In arguing issue one, Mr. Akhirikwen submits that, from the Statement of Claim, none of the Respondents knew how much was the credit standing in their accounts and none of them demanded for payment and the Appellant refused to honour their demands even when they still have some money in the account. Counsel argues that a demand, in banking transaction, is upon the presentation of a cheque, (when it is in respect of a current account), and the presentation of a withdrawal slip, (when it is a savings account), by a customer of the Bank. It is when the reaction of the Bank is in the negative when there is money standing to the credit of the customer that there can be said to be a breach.
Learned Counsel further submits that the contractual obligation between a bank and a customer is personal in respect of a savings account maintained by each individual account holder since a third party has no right to access the money in the account. The Respondents did not plead that, having monies to their credit in their accounts, made demands for payments of such monies and the Appellant refused to honour such demands. Counsel picks holes in the evidence of the PW1 in that she failed to state the dates on which the Respondents went to the Bank, how much they have in their respective accounts, how much was demanded, how much the Bank did not pay, and how she got this information from the other Respondents, if she was not told. Counsel thus contends that the evidence of this witness lacks credence as she can only state the position of her own account and not give information in regard to the accounts of the other Respondents. He argues that by Section 3(1) of the Bills of Exchange Act, Cap B8 LFN, 2004, a withdrawal slip falls strictly outside the instruments under which a third party becomes a privy with regard to dealings with accounts in the bank.

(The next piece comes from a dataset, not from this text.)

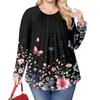Women's Plus Size Fashion Printed Casual Pleated Round Neck Long Sleeve Top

Learned Counsel therefore submits that the evidence of the PW1 touching on the other Respondents’ Savings Accounts is tantamount to hearsay. He relies on Ogbeide V Osula (2004) 12 NWLR (Pt. 886) 86, and Sections 37 & 38 of the Evidence Act, 2011 to submit that hearsay evidence is inadmissible. Counsel further submits that there is no evidence proving the facts pleaded as affecting the twelve (12) other Respondents since they only called one witness to prove that there were contracts between the thirteen (13) of them. He submits that it was not possible for PW1 to give evidence in respect of another account holder’s transaction with the Appellant. Counsel therefore urged the Court to hold that the Respondents, as Plaintiffs, did not plead and prove a breach of contract between them and the Appellant, and that the trial Court was thus in error when it granted reliefs in favour of the Respondent for breach of contract.
Going further and relying on UPS V Adeyosoye (2011) 5 NWLR (Pt. 1240) 315 & Garba V Kur (2002) 8 NWLR (Pt. 831) 280 for the definition and ambit of special and general damages, learned Counsel submits that the particulars of special damages should be the breakdown of the items of special damage with the sum total of what the plaintiffs claim and the total indicated. Counsel contends that from paragraph 10 of the Statement of claim, it cannot be said with certainty that the sum total of the figure shown is N11,477,035.08, which is the sum also given in evidence by the PW1. In view of the alleged uncertainty, Counsel submits that it is not the function of this Court to recalculate the figure as that is the function of both the pleadings and credible evidence. Counsel submits that since the amount is ascertainable, the Plaintiffs ought to have pleaded the particulars to the final total and given evidence to buttress such pleadings. He relies on NMA v MMA Inc. (2010) 4 NWLR (Pt.1185) 613 & Nwanji V Coastal Serv. (Nig) Ltd (2004) 11 NWLR (Pt. 885) 552.